Members of a Clallam County Charter Review Commission subcommittee met to discuss a proposed resolution that would require the Board of County Commissioners to respond to Bureau of Indian Affairs (BIA) requests to put land into trust and to create standards in the county comprehensive plan for handling such requests.
The topic matters to county residents because placing land into trust can remove it from county tax rolls and local land‑use jurisdiction, participants said; the subcommittee agreed to gather legal and fiscal research, invite tribal and law‑enforcement representatives, and reconvene with homework reports.
The item grew out of an earlier Charter Review Commission tie vote on a related resolution. Commissioner Ron Richards was nominated and elected chair of this subcommittee; the group also accepted a volunteer to serve as record keeper. Committee members reviewed why the resolution was drafted: several commissioners had not been responding to BIA notices about proposed trust acquisitions, and the draft would require a formal county response and recommend comprehensive‑plan standards for evaluating requests.

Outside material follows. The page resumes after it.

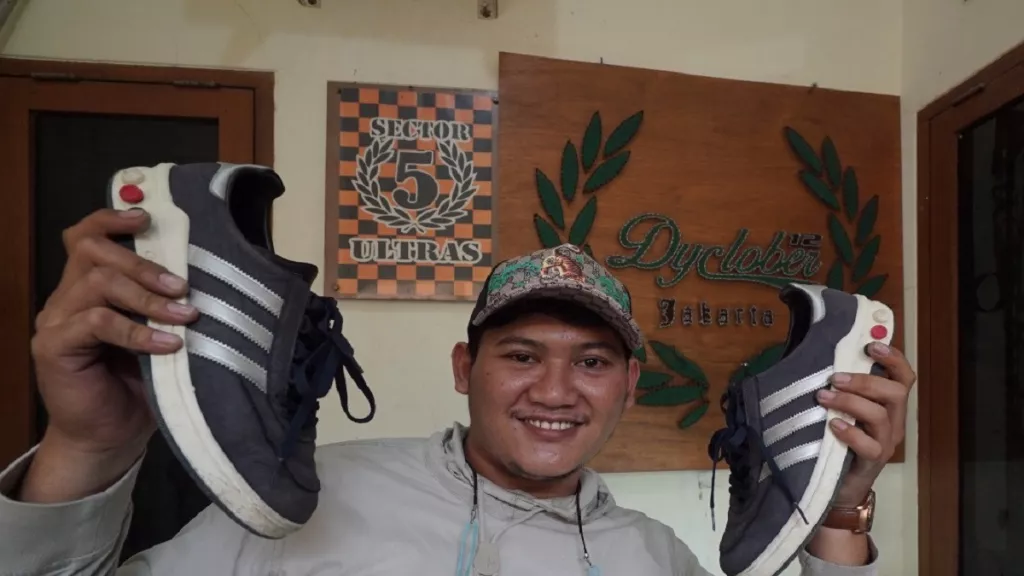 Modal 150 ribu, Adi Sukses Bikin Jasa Cuci Sepatu Branded - GenPI.co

Committee member Kathy (last name not specified) raised the fiscal concern: she said the county cannot “afford to lose our tax base,” warning that properties removed from the tax rolls could force higher property taxes for remaining taxpayers. Commissioner Jim Stauffer emphasized legal limits the county must respect, saying, “With the tribe, we have to respect the treaties and we have to respect the Fourteenth Amendment.”
Several public commenters urged stronger county review. John Worthington of Sequim criticized local practice and urged the county to contest certain BIA processes, saying, “we haven't been protecting our dots on the map,” and pointing committee members to federal regulation 25 CFR part 151 as the relevant rule for fee‑to‑trust acquisitions. Ed Bowen, a Clallam Bay resident, asked that the charter require the board to respond to BIA trust requests and to provide specific analyses on taxes and land‑use effects: “I expect the charter to set a standard and put in there just what is the obligatory duties of this county in dealing with those transfer requests.”
Committee members outlined immediate research tasks: review the BIA fee‑to‑trust handbook and 25 CFR part 151, gather maps showing current trust/reservation land, obtain analyses from the assessor and planning staff on permitting and fees, and clarify criminal‑jurisdiction agreements (MOUs) between tribes and local law enforcement. Several members asked staff to invite the sheriff and tribal representatives to future meetings and to provide prior legal opinions received by the Charter Review Commission for reconsideration.
The subcommittee set a follow‑up meeting for Aug. 13 (time listed in meeting notes as 1–3 p.m.) to review homework and to frame tasks for drafting or revising a proposed resolution. The group adjourned after a motion to adjourn passed by consensus.
The discussion mixed technical legal citations and local policy concerns; committee members repeatedly said they needed more formal legal advice, fiscal estimates from the assessor, and input from tribal and law‑enforcement officials before moving toward a final recommended charter amendment or resolution.